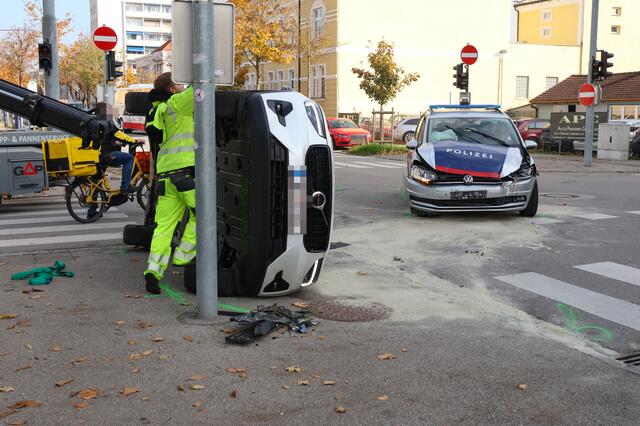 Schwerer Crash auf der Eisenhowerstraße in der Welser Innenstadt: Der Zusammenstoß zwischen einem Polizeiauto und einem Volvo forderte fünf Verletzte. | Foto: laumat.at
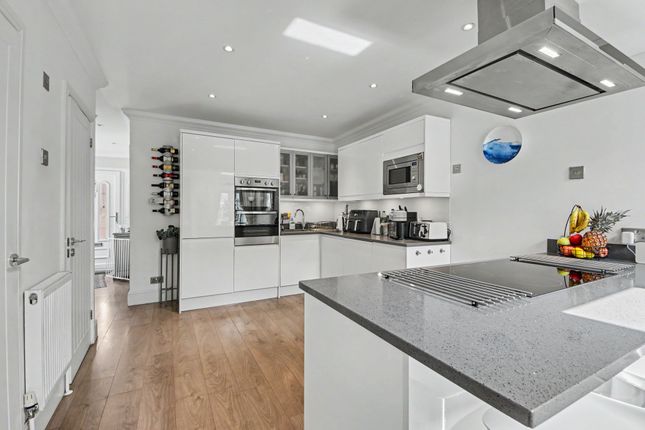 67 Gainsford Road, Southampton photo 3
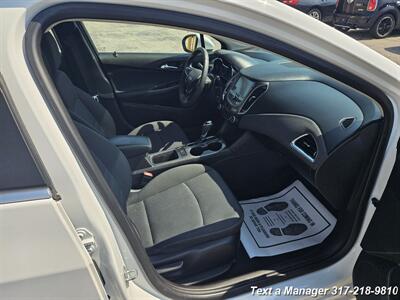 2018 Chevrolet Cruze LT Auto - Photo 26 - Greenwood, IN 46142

==*==

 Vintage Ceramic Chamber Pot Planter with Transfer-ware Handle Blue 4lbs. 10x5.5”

==*==

Exercise — In the listing above, find the line containing "Schwerer Crash auf" and the line containing "2018 Chevrolet Cruze". Reproduce those lines and all between them exactly, with no pictures and nothing more.

Written response —
 Schwerer Crash auf der Eisenhowerstraße in der Welser Innenstadt: Der Zusammenstoß zwischen einem Polizeiauto und einem Volvo forderte fünf Verletzte. | Foto: laumat.at
 67 Gainsford Road, Southampton photo 3
 2018 Chevrolet Cruze LT Auto - Photo 26 - Greenwood, IN 46142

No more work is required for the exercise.